Because crying is one of the first ways infants communicate their needs to their caregivers and others, having caregivers respond to the infant’s cries is essential to the infant-parent bond.

In addition, research shows that infant cries create an apparent psychological need in others to relieve their distress. As such, infant cries serve a fundamental purpose for both the infant and the caregiver.

Crucially, infants also learn what it feels like to calm down through the responsiveness of their caregivers. This feeling is similar to the inner changes that adults and older children feel as they regulate their emotions—that is, their heartbeat slows and they feel good. This repeated experience gives infants new life skills: Longitudinal studies show that infants whose caregivers respond to their stress are better able to regulate emotions and behavior as they get older.

For babies, self-soothing likely means sucking on a pacifier or a fist. Later in life, these basic infant calming skills, learned in response to parental care, develop into more adult stress-regulating habits, such as counting to 10 or taking deep breaths.

Bond between caregiver and child

Parental responsiveness to infant cries also affects the infant-caregiver relationship. Caregivers give infants initial information about the predictability of the social world, the trustworthiness of others and their own self-esteem.

This lays the foundation for the quality of the lifelong relationship between the caregiver and the child. When infants are comforted in times of need, they learn that their caregiver is trustworthy and dependable. They also learn that they are worthy of nurturing, loving relationships, which will have a positive impact on their future relationships.

Nurse responsiveness is also linked to a cascade of well-documented outcomes in infants, children, and adolescents, including cognitive functioning, language development, self-esteem, and future sensitivity to infant needs.

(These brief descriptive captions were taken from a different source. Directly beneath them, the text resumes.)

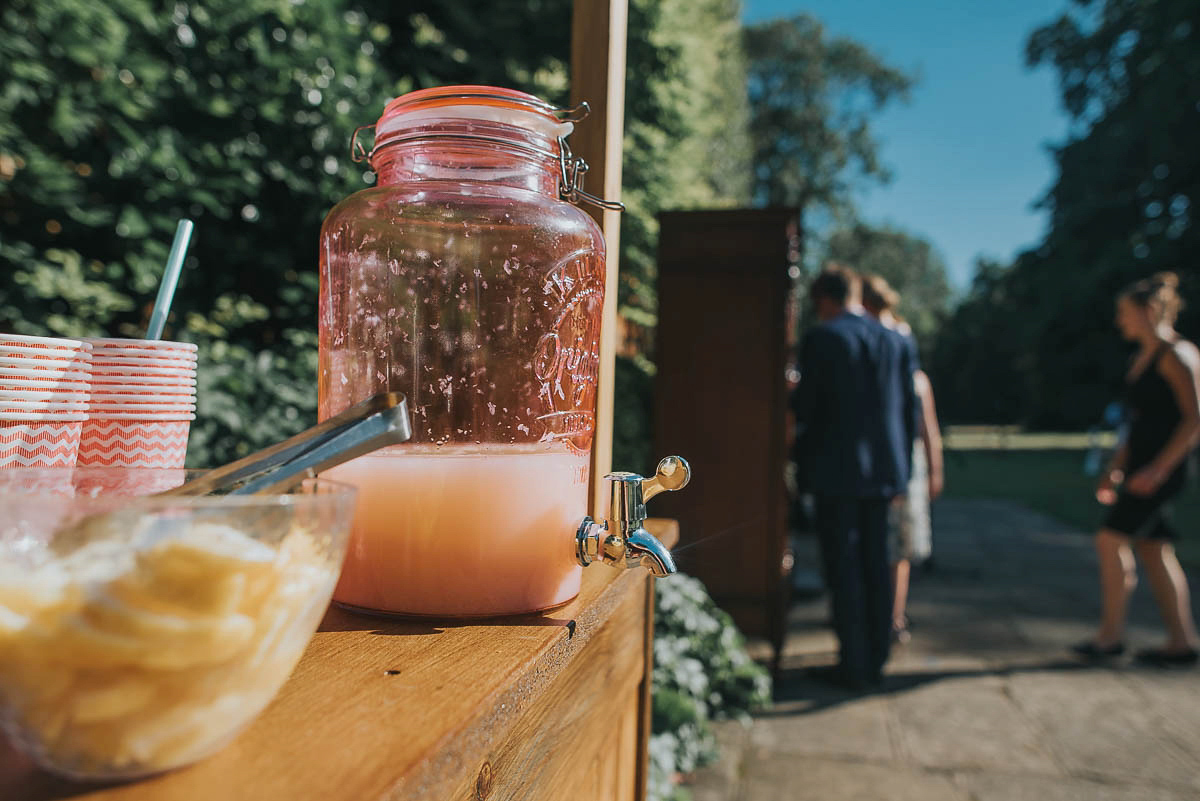 Bride Faye wears an 1930's inspired drop waist glamorous dress by Eliza jane Howell for her effortlessly elegant summer garden party wedding.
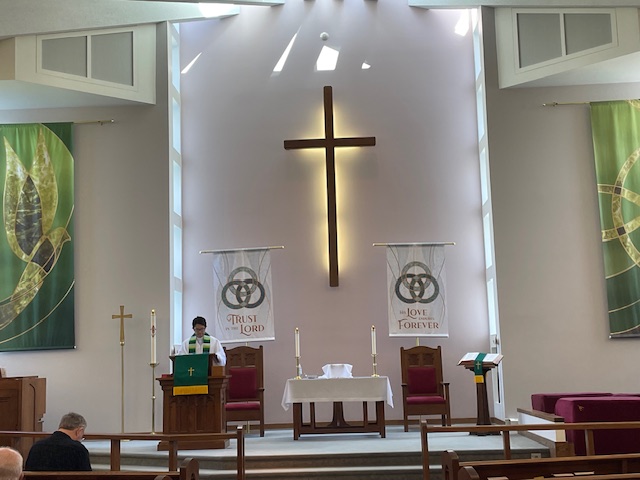 Cheshire United Methodist Church sanctuary with wooden cross and green banners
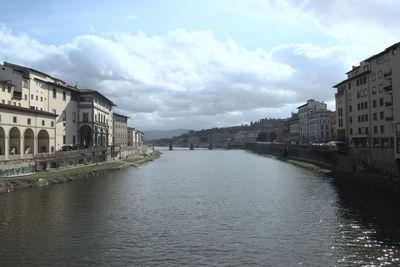 View of river amidst buildings against sky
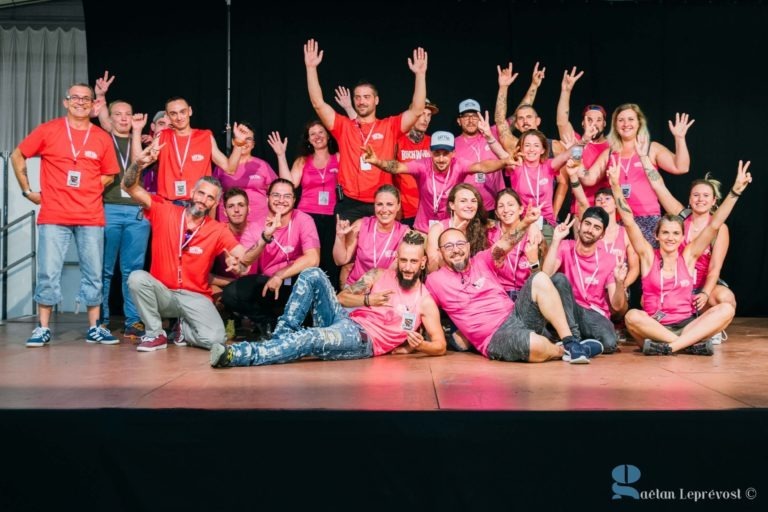 Un groupe de personnes pose sur une scène, la plupart portant des chemises roses et quelques-unes des chemises rouges, toutes ornées de badges nominatifs. Elles sourient, font des signes de paix avec leurs mains et dégagent une atmosphère amicale et joyeuse. Une personne est allongée sur le sol de manière enjouée. Le fond est noir, symbolisant le Salon Love Tatoo de La Teste-de-Buch.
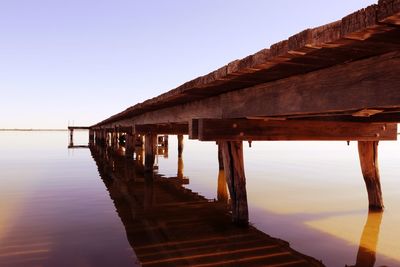 Pier over sea against clear sky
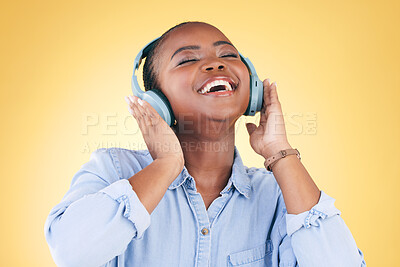 Buy stock photo Black woman, happiness and headphones with music, energy and audio streaming isolated on yellow background. Sound, entertainment and radio with freedom, person with fun and technology in a studio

The lack of responsiveness by the caregiver, on the other hand, is associated with later behavioral difficulties and developmental challenges. Studies show that neglected children have trouble connecting with their peers and coping with rejection.

Although a recent study reported that these negative effects may not occur at night — when parents make babies “cry” to teach them to sleep — the broadest consensus in the literature is that babies shouldn’t sleep until 4 months of age left to cry . I recommend no earlier than 6 months due to the formation of the attachment bond and strongly encourage caregivers to consider their child’s individual abilities. In fact, some children are better at self-regulation than others. Additionally, there are alternative ways to help babies self-soothe at night, including responding to infant distress.

Fortunately, caregivers are biologically primed to care for their infants. Research in animals and humans shows that there are hormones that drive nurturing.

Go spoil the baby

My best advice, based on the scientific literature, is that parents should respond promptly and consistently to infant crying up until at least 6 months of age.

But be pragmatic.

Caregivers know the peculiarities of their infants: some are more relaxed, others more excited. Likewise, culture drives the goals that caregivers set for themselves and their children. Therefore, responsiveness and adaptable caregiver-child relationships will look different for different families. Parents should act accordingly and adapt their responsiveness to their child’s needs and cultural context.

However you look at it, responding to an infant’s every cry does not mean “spoiling” the baby. Instead, soothing a crying infant gives the baby the tools to use to soothe itself in the future.

Amy Root is a**Professor of Child Development and Family Studies at West Virginia University**.

The Conversation is an independent and not-for-profit source for news, analysis and commentary from academic experts.